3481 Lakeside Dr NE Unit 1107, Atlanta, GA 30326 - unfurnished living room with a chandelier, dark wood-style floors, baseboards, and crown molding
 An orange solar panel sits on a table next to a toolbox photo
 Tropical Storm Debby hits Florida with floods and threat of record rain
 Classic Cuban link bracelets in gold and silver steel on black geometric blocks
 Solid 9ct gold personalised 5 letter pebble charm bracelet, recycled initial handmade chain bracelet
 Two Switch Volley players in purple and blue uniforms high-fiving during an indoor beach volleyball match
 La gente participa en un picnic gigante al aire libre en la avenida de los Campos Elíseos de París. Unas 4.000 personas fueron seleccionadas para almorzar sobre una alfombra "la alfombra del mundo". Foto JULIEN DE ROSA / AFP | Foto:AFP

- WORK TASK -
Using the listing, copy every line where the word "with" shows up.

- EXERCISE OUTPUT -
3481 Lakeside Dr NE Unit 1107, Atlanta, GA 30326 - unfurnished living room with a chandelier, dark wood-style floors, baseboards, and crown molding
 Tropical Storm Debby hits Florida with floods and threat of record rain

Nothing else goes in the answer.